Cycling Australia sack national coach

Fallout from doping scandal continues as former Olympian Matt White confesses to coping while teammate of Armstrong.

Matt White
White, pictured above second right with Australia’s Orica-GreenEDGE team, was sacked from his role in the national men’s road racing programme following his admission of doping [EPA]

Cycling Australia sacked former Olympian Matt White Wednesday for his role in the Lance Armstrong doping scandal, while ruling out any amnesty for athletes who owned up to using drugs.

The sport’s governing body in Australia held a board meeting on Tuesday evening to discuss the dossier of evidence by the United States Anti-Doping Agency (USADA) and admitted it was “incredibly damaging for cycling worldwide”.

“The evidence presented is damning, the behaviour of the key players is morally reprehensible and cycling fans have every right to feel let down,” it said in a statement.

USADA accuses Armstrong of being at the heart of the biggest doping conspiracy in sports history when he won seven straight Tour de France titles.

Armstrong has denied any wrongdoing.

Guilty admission

White, 38, admitted at the weekend that he was part of a strategy of doping when he rode on the Armstrong-led US Postal Service cycling team from 2001 to 2003.

He said he was stepping down from his jobs as the sports director of the emerging Australian professional team Orica-GreenEDGE and his role in Cycling Australia’s men’s road racing programme.

Cycling Australia said he had made a valuable contribution, but it was left with no choice but to dismiss him, with his admissions “clearly plac(ing) him in breach of the CA Anti-Doping Policy and Code of Conduct”.

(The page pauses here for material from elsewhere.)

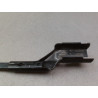 BRAS ESSUIE-GLACE AVANT DROIT CITROEN JUMPER 33LH TOLE 2002-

“Accordingly, the board has determined that his ongoing employment with CA is untenable and Matt was formally advised overnight of the termination of his contract.”

In a statement, White said it was crucial that there be a “positive outcome from the current debate about cycling’s past and I feel a responsibility to be part of that – even if it won’t be in an official Cycling Australia role”.

White is currently facing an investigation by the Australian Sports Anti-Doping Authority (ASADA), which said this week it became aware of allegations of doping made against him by American cyclist Floyd Landis in 2010.

But the anti-doping agency said that due to the federal investigation in the United States and the subsequent USADA probe, ASADA was unable to obtain information to pursue a thorough examination of the allegations until now.

Internal review

White was hired by Cycling Australia in 2011 and the governing body said a review of how it appoints staff would begin immediately, including seeking advice on questioning potential employees about performance enhancement.

The board also ruled out any doping amnesty, which had been flagged as a possibility by the head of Cycling Australia Klaus Mueller just days ago.

Though it supported the criminalisation of doping the board said an amnesty would be inconsistent with CA’s “strong anti-doping position”, and Mueller later said he had been “wrong to float it” as an idea.

The CA chief said they had never directly questioned White on whether he had taken drugs despite his name being linked to drugs at the time he was hired because his accuser, Landis, “had been highly discredited” by that stage.

“We assumed, as we do with our other employees, that unless we’ve got evidence to the contrary there’s a simple assumption of innocence in relation to that,” Mueller told reporters.

Ultimately he said Australian officials had “little say or control over what happens over in Europe” during competition and though he hoped there would be no other Australian cyclists implicated in the scandal “we can never be certain”.

The CA board blasted cycling’s governing body, the UCI, for not doing enough to stamp out performance-enhancing drugs.

“We acknowledge that there is now clear evidence that the UCI, until recent times, failed to fully and properly do its part to stamp out doping,” said the CA board.

“How the UCI responds to the USADA file and how it addresses the allegations within it will be critical to the reputation of the organisation and that of the sport of cycling.”